TEXTE

Description

L’hémihyperplasie isolée est une anomalie de la prolifération cellulaire entraînant une surcroissance asymétrique d’une ou plusieurs régions du corps. Le terme  » hémihyperplasie  » a remplacé le terme  » hémihypertrophie  » pour décrire précisément l’augmentation du nombre de cellules retrouvée chez ces patients. L’incidence de l’hémihyperplasie isolée est estimée à 1 sur 86 000. L’hémihypertrophie idiopathique est associée à un risque accru de cancers embryonnaires dans l’enfance, notamment la tumeur de Wilms (194070) (Shuman et al., 2006).

Hoyme et al. (1998) ont fourni une classification anatomique de l’hémihyperplasie : l’hémihyperplasie complexe est une atteinte de la moitié du corps, incluant au moins 1 bras et 1 jambe ; les parties atteintes peuvent être controlatérales ou ipsilatérales.

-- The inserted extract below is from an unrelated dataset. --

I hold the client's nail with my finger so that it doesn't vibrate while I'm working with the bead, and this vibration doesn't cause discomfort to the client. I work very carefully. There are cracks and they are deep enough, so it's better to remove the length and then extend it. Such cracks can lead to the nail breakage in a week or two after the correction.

L’hémihyperplasie simple concerne un seul membre. Voir également l’hémihyperplasie faciale (133900).

Bien que l’hémihyperplasie isolée soit une entité clinique distincte, elle peut également se présenter comme une caractéristique des syndromes de surcroissance, notamment le syndrome de Beckwith-Wiedemann (BWS ; 130650), la neurofibromatose (NF1 ; 162200), le syndrome de Proteus (176920) et le syndrome de Klippel-Trenaunay-Weber (149000) (Shuman et al., 2006).

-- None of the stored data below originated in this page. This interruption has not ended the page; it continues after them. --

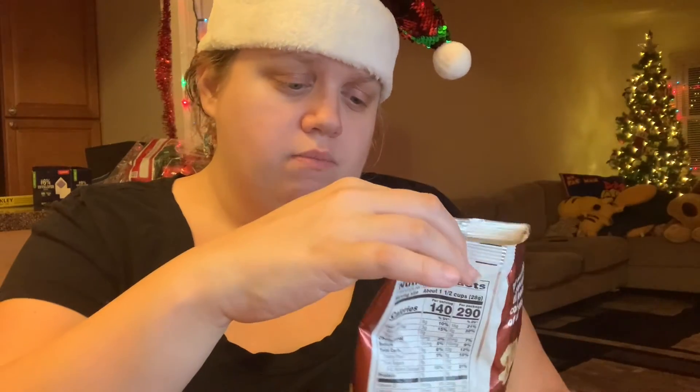This came out around the same time as the other flavor. I hope you like my review of the Smartfood popcorn caramel and cinnamon apple mix. Like and subscribe for new videos, and I'll catch you in the next video — bye bye!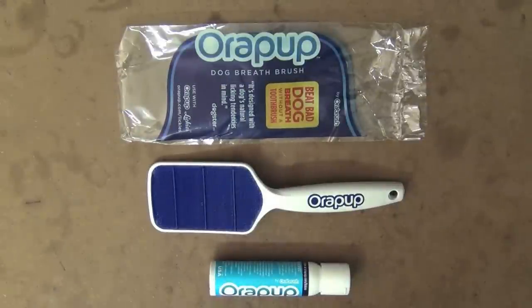Hey guys, and welcome to Aussie Reviews. Today I'm checking out AuraPup, which is a dog breath brush to remove bad breath from your dog. The reason I got this was Cooper — he's always on the farm eating things he shouldn't. There's nothing worse than turning around and seeing your dog eat cow manure. It certainly doesn't help out the good breath situation, that's for sure.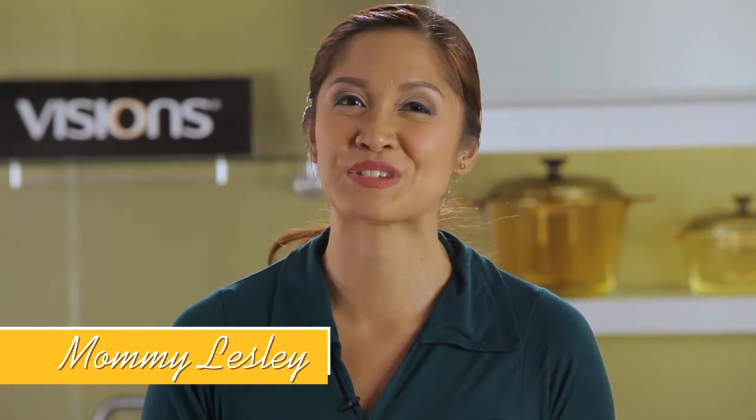It's the new year again, moms, and we want to make sure that we're able to start on a healthy cooking habit and get our family to start eating healthier as well. In the new year, we want to make everything new for our families. So to help us get on that healthy start, we have Chef Pat who's going to show us how to prepare, cook, and serve a very healthy recipe. Hello there, Chef Catherine! Hi, Mommy Leslie.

Caractéristiques cliniques

Il existe plusieurs premiers rapports d’hémihypertrophie familiale (Reed, 1925 ; Scott, 1935 ; Arnold, 1936 ; Rudolph et Norvold, 1944 ; Morris et MacGillivray, 1955). Cependant, certains de ces patients présentaient des résultats supplémentaires, ce qui suggère que toutes les familles ne présentaient pas une hémihyperplasie isolée (Heilstedt et Bacino, 2004).

Fraumeni et al. (1967) ont décrit un frère et une sœur affectés et ont enregistré que leur oncle maternel aurait eu une jambe plus longue que l’autre depuis l’enfance. Ils ont passé en revue 6 autres exemples de survenue familiale avec des cas de générations successives affectées.

Meadows et al. (1974) ont rapporté le développement d’une tumeur de Wilms chez 3 enfants d’une femme atteinte d’hémihypertrophie congénitale. Frota-Pessoa (1979) a rapporté une famille polono-brésilienne non consanguine avec une implication possible du grand-père, de la mère, de la sœur et du petit-fils de la mère.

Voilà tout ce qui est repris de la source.